The sum of all primes below 2 million is 142913828923.

F#

This task uses Extensible Prime Generator (F#)

// Summation of primes. Nigel Galloway: November 9th., 2021
printfn $"%d{primes64()|>Seq.takeWhile((>)2000000L)|>Seq.sum}"

Output:

142913828922

Factor

USING: math.primes prettyprint sequences ;

2,000,000 primes-upto sum .

Output:

142913828922

Fermat

s:=2;
for p=3 to 1999999 by 2 do if Isprime(p) then s:=s+p fi od;
!!s;

Output:

142913828922

Go

Library: Go-rcu

package main

import (
    "fmt"
    "rcu"
)

func main() {
    sum := 0
    for _, p := range rcu.Primes(2e6 - 1) {
        sum += p
    }
    fmt.Printf("The sum of all primes below 2 million is %s.\n", rcu.Commatize(sum))
}

Output:

The sum of all primes below 2 million is 142,913,828,922.

Haskell

import Data.Numbers.Primes (primes)

sumOfPrimesBelow :: Integral a => a -> a
sumOfPrimesBelow n =
  sum $ takeWhile (< n) primes

main :: IO ()
main = print $ sumOfPrimesBelow 2000000

Output:

142913828922

jq

Works with: jq

Works with gojq, the Go implementation of jq

See Erdős-primes#jq for a suitable definition of `is_prime/1` as used here.

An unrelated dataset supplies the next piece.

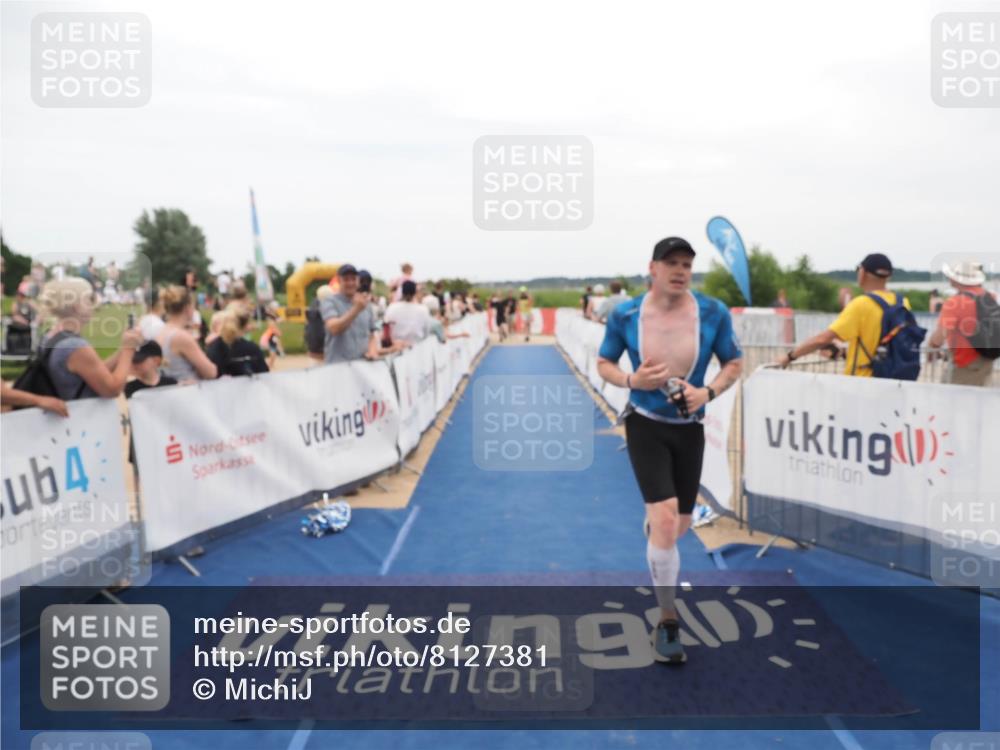 22.06.2025 - Viking Triathlon MichiJ http://msf.ph/oto/8127381 22.06.2025 15:24:38 Ziel 298 meine-sportfotos.de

def sum(s): reduce s as $x (0; .+$x);

sum(2, range(3 ; 2E6; 2) | select(is_prime))

Output:

142913828922

Julia

using Primes

@show sum(primes(2_000_000))  # sum(primes(2000000)) = 142913828922

Mathematica / Wolfram Language

Total[Most@NestWhileList[NextPrime, 2, # < 2000000 &]]

Output:

142913828922

PARI/GP

s=2; p=3
while(p<2000000,if(isprime(p),s=s+p);p=p+2)
print(s)

Output:

142913828922

Pascal

uses

Library: primTrial

program SumPrimes;
{$IFDEF FPC}{$MODE DELPHI}{$OPTIMIZATION ON,ALL}
{$ELSE}     {$APPTYPE CONSOLE}
{$ENDIF}
uses
  SysUtils,primTrial;
var
  p,sum : NativeInt;
begin
  sum := actPrime;
  repeat inc(sum,p); p := NextPrime until p >= 2*1000*1000;
  writeln(sum);
  {$IFDEF WINDOWS} readln;{$ENDIF}
end.

Output:

142913828922

Perl

#!/usr/bin/perl

use strict; # https://rosettacode.org/wiki/Summation_of_primes
use warnings;
use ntheory qw( primes );
use List::Util qw( sum );

print sum( @{ primes( 2e6 ) } ), "\n";

Output:

142913828922

Phix

printf(1,"The sum of primes below 2 million is %,d\n",sum(get_primes_le(2e6)))

Output:

The sum of primes below 2 million is 142,913,828,922

Python

Procedural

#!/usr/bin/python

def isPrime(n):
    for i in range(2, int(n**0.5) + 1):
        if n % i == 0:
            return False        
    return True

if __name__ == '__main__':
    suma = 2
    n = 1
    for i in range(3, 2000000, 2):
        if isPrime(i):
            suma += i
            n+=1 
    print(suma)

Output:

142913828922

Functional

'''Summatiom of primes'''

from functools import reduce


# sumOfPrimesBelow :: Int -> Int
def sumOfPrimesBelow(n):
    '''Sum of all primes between 2 and n'''
    def go(a, x):
        return a + x if isPrime(x) else a
    return reduce(go, range(2, n), 0)


# ------------------------- TEST -------------------------
# main :: IO ()
def main():
    '''Sum of primes below 2 million'''
    print(
        sumOfPrimesBelow(2_000_000)
    )


# ----------------------- GENERIC ------------------------

# isPrime :: Int -> Bool
def isPrime(n):
    '''True if n is prime.'''
    if n in (2, 3):
        return True
    if 2 > n or 0 == n % 2:
        return False
    if 9 > n:
        return True
    if 0 == n % 3:
        return False

    def p(x):
        return 0 == n % x or 0 == n % (2 + x)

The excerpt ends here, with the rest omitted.